A primary driver of this investment is the REDD+ (Reducing Emissions from Deforestation and forest Degradation) framework. This UN-backed initiative incentivizes forest protection to mitigate climate change, but it has become a strategic focal point for Oil and Gas (O&G) companies. These firms invest heavily in REDD+ and “Nature-Based Solutions” primarily to secure carbon offsets. These offsets allow them to maintain their core fossil fuel operations while publicly claiming “net-zero” or “carbon-neutral” status.
The Amacro2 region, situated at the triple border between Amazonas, Acre, and Rondônia, has consolidated itself as the newest agricultural frontier of the Amazon, presenting growth in agribusiness activities significantly higher than the average for the rest of the biome.
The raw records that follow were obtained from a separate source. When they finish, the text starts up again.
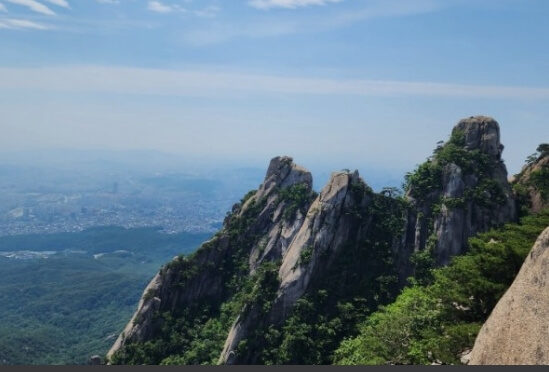 산과 하늘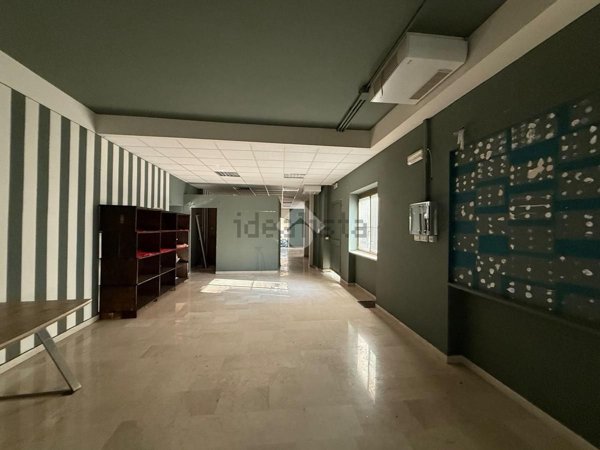 negozio in vendita a Ghisalba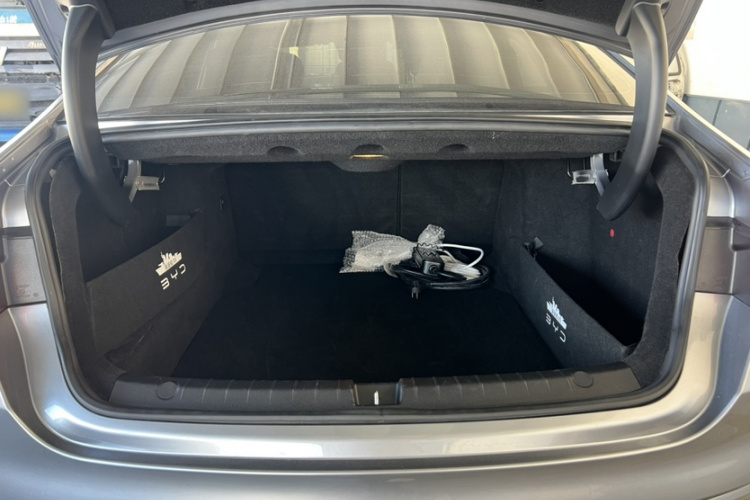 比亚迪 秦PLUS 2021款 DM-i 120KM 旗舰型局部细节23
However, the region presents a high-risk paradox for ecological investors because its environmental potential as an alternative to deforestation is undercut by severe land-tenure complexity and social volatility. Legal insecurity is driven by a legacy of grilagem (land grabbing) and the exploitation of self-declaratory registries like the Rural Environmental Registry (Cadastro Ambiental Rural – CAR), which may mask illegal holdings. This is compounded by the fact that the region concentrates the majority of land conflicts in the Western Amazon, fueled by the expansion of organized crime and militant peasant movements like the League of Poor Peasants (Liga dos Camponeses Pobres – LCP) that utilize armed surveillance, significantly increasing the risk of violent conflict underlying land occupations. To navigate these threats, ventures must move beyond superficial analysis and adopt rigorous risk management, including exhaustive due diligence of land ownership and counterparties, and constant security monitoring.
Amacro
Amacro is a region in the Brazilian Amazon formed by Amazonas (AM), Acre (AC), and Rondônia (RO). It covers 32 municipalities on the border of these states, with an area of about 454,000 km² and an estimated population of 1.7 million people, according to the Superintendency for the Development of the Amazon (Sudam).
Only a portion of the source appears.